OP...go to court, contest it, get it dropped

do. not. tell. uber.


----------



## Jay Dean (Apr 3, 2015)

Hire a traffic ticket lawyer I don't know about where you are but in Austin it comes out to same price and they take care of everything. Email some specific traffic ticket lawyers in your area to hear their response


----------



## Coachman (Sep 22, 2015)

Why would anybody hire a lawyer over a $50 traffic fine?


----------



## Jay Dean (Apr 3, 2015)

50? And was going to report it to uber? Sorry skimmed past where he said 50...


----------



## UberHammer (Dec 5, 2014)

Coachman said:


> Why would anybody hire a lawyer over a $50 traffic fine?

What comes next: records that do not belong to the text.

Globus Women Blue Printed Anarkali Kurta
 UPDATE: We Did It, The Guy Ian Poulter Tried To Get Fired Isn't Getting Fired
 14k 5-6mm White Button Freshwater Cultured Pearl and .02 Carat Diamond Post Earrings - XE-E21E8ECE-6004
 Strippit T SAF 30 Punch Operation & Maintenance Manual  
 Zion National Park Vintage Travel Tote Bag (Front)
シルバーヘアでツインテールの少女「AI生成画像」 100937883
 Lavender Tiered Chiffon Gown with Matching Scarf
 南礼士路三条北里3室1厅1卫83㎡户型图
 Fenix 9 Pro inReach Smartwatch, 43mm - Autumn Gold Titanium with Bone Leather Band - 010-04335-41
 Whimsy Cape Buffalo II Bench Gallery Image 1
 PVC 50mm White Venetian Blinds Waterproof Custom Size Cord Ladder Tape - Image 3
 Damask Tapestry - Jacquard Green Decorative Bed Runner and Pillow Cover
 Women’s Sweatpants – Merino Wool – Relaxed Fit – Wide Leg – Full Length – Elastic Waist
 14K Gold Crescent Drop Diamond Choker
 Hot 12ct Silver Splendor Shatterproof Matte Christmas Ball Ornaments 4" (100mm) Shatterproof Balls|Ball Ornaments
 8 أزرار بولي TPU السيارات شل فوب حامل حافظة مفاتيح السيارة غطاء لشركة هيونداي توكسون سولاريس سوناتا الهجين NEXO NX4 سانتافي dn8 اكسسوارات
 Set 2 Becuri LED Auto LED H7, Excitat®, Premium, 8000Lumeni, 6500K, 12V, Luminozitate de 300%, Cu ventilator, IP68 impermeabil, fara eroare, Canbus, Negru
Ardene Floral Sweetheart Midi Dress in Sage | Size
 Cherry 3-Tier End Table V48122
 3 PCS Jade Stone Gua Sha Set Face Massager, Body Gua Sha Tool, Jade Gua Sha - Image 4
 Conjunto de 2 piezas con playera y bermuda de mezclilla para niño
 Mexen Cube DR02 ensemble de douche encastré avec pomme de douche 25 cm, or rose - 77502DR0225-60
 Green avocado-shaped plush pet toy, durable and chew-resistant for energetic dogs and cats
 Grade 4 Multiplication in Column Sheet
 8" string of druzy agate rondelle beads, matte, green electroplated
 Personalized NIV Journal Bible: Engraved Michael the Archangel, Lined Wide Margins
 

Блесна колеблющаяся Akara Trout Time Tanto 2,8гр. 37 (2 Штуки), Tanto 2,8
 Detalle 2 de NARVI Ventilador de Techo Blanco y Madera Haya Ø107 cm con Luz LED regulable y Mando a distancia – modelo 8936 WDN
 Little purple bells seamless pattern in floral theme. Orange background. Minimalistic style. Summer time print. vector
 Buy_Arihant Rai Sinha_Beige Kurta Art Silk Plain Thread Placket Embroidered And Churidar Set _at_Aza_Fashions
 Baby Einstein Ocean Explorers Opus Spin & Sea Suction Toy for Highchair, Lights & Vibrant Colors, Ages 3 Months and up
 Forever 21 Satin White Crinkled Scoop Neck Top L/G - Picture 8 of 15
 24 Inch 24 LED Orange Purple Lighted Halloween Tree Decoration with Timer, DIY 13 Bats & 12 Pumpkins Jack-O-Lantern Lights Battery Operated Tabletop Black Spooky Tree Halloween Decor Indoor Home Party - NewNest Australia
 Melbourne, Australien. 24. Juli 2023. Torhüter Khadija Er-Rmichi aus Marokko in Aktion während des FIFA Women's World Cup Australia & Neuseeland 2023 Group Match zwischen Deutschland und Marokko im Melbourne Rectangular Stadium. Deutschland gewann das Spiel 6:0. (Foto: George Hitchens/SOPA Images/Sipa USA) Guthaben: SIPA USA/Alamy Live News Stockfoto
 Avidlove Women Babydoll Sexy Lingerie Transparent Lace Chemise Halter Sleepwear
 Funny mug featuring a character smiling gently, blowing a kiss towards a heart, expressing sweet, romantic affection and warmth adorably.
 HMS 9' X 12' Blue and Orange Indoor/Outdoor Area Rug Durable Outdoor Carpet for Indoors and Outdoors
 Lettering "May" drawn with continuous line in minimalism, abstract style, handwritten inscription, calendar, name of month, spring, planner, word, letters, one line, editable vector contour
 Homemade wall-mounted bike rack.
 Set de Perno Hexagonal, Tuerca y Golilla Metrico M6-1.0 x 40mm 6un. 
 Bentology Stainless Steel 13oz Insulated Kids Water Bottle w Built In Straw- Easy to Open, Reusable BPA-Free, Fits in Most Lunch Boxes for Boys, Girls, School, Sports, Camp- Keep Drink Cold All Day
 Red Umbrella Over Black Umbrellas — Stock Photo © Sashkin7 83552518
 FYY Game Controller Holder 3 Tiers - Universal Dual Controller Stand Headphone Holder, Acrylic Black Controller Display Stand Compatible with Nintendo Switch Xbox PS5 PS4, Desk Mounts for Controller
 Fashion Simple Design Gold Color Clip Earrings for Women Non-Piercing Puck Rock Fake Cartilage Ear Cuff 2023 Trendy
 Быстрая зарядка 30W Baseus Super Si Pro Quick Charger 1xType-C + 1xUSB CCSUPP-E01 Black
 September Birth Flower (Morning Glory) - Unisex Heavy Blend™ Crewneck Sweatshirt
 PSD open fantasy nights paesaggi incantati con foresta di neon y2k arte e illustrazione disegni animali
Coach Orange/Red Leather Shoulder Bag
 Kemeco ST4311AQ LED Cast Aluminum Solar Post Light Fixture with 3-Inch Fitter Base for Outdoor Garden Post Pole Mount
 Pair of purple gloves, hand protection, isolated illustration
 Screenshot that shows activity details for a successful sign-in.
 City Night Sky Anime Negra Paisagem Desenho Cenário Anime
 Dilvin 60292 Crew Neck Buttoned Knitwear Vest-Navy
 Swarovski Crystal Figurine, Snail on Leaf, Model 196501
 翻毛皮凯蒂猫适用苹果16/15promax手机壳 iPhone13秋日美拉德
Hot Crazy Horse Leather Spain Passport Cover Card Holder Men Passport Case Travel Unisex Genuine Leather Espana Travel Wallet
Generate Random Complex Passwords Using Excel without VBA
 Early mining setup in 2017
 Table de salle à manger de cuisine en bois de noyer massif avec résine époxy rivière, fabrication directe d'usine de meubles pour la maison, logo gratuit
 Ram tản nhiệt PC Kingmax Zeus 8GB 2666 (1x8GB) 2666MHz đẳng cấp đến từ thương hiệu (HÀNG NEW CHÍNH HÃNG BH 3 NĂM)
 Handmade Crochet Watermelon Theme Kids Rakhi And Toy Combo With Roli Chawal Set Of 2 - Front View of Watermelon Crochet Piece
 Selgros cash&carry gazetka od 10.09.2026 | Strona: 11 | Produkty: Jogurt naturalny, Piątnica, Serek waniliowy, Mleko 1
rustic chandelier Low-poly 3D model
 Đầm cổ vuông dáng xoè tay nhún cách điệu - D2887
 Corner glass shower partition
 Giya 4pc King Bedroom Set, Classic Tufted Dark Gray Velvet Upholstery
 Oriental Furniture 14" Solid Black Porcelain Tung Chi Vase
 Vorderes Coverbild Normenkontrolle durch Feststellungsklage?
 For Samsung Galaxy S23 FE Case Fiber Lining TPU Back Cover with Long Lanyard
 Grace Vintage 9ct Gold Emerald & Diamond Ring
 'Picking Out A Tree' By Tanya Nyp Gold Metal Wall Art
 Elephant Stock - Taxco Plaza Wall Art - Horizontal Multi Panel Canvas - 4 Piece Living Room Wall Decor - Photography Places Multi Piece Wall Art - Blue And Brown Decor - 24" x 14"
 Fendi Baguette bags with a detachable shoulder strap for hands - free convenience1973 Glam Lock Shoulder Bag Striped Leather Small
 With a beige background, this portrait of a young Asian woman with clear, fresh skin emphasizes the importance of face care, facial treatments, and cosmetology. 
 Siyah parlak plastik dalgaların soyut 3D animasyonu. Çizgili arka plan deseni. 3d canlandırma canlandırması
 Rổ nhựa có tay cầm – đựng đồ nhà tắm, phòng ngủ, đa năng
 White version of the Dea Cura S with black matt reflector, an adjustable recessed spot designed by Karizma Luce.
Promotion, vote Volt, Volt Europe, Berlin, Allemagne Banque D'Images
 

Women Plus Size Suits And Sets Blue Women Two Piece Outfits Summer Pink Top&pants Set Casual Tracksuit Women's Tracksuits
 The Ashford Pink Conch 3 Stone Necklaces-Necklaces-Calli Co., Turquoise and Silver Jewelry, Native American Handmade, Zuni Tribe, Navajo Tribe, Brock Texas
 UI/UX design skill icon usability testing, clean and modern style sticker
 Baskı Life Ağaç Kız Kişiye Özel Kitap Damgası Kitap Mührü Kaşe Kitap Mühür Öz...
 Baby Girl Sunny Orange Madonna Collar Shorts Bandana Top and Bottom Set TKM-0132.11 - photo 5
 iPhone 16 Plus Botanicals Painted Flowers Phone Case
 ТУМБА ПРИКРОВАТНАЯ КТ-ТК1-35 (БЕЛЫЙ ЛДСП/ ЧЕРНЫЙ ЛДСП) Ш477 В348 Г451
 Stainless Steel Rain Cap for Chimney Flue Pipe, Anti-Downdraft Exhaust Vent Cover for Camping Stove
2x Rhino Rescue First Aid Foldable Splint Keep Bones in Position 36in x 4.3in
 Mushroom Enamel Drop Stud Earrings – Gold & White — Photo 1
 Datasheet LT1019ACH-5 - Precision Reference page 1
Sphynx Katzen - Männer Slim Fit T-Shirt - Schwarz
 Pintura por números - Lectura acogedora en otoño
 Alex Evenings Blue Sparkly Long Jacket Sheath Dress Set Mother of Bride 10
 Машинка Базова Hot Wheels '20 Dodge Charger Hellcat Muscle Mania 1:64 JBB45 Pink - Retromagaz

Depends on the degree of the infraction and the drivers work future. Some traffic violations are classified by some municipalities as varying levels of misdemeanors, especially when they are committed in a commercial circumstance like Uber. Technically it is a criminal record, even if we aren't talking about felonies here. If someone is doing uber in their spare time, they might have a career where they might want to switch employers in the future. When a company is looking to hire someone new, they may red flag even something as little as a 4th degree misdemeanor. If that happens, and the new job is lost, then it cost the person a lot more than just $50 for the fine. In the city of Columbus, Ohio, pretty much anything an Uber driver does illegal while working is a 1st degree misdemeanor. That's like being guilty of drunk driving. You don't want a guilty charge of a 1st degree misdemeanor on your record if you want to get hired somewhere else in a professional role.


----------



## Jay Dean (Apr 3, 2015)

Yeah I make sure to have a clean record and have a lawyer just get it dismissed ..or at least try I mean that's what they do lol

Take defensive driving and you get another most places dont allow you to do defensive driving twice without seeing a judge in person etc


----------



## JimS (Aug 18, 2015)

UberHammer said:


> Depends on the degree of the infraction and the drivers work future. Some traffic violations are classified by some municipalities as varying levels of misdemeanors, especially when they are committed in a commercial circumstance like Uber. Technically it is a criminal record, even if we aren't talking about felonies here. If someone is doing uber in their spare time, they might have a career where they might want to switch employers in the future. When a company is looking to hire someone new, they may red flag even something as little as a 4th degree misdemeanor. If that happens, and the new job is lost, then it cost the person a lot more than just $50 for the fine. In the city of Columbus, Ohio, pretty much anything an Uber driver does illegal while working is a 1st degree misdemeanor. That's like being guilty of drunk driving. You don't want a guilty charge of a 1st degree misdemeanor on your record if you want to get hired somewhere else in a professional role.


Last three jobs I applied for asked for any criminal convictions _except traffic offenses under $200 (or something)._


----------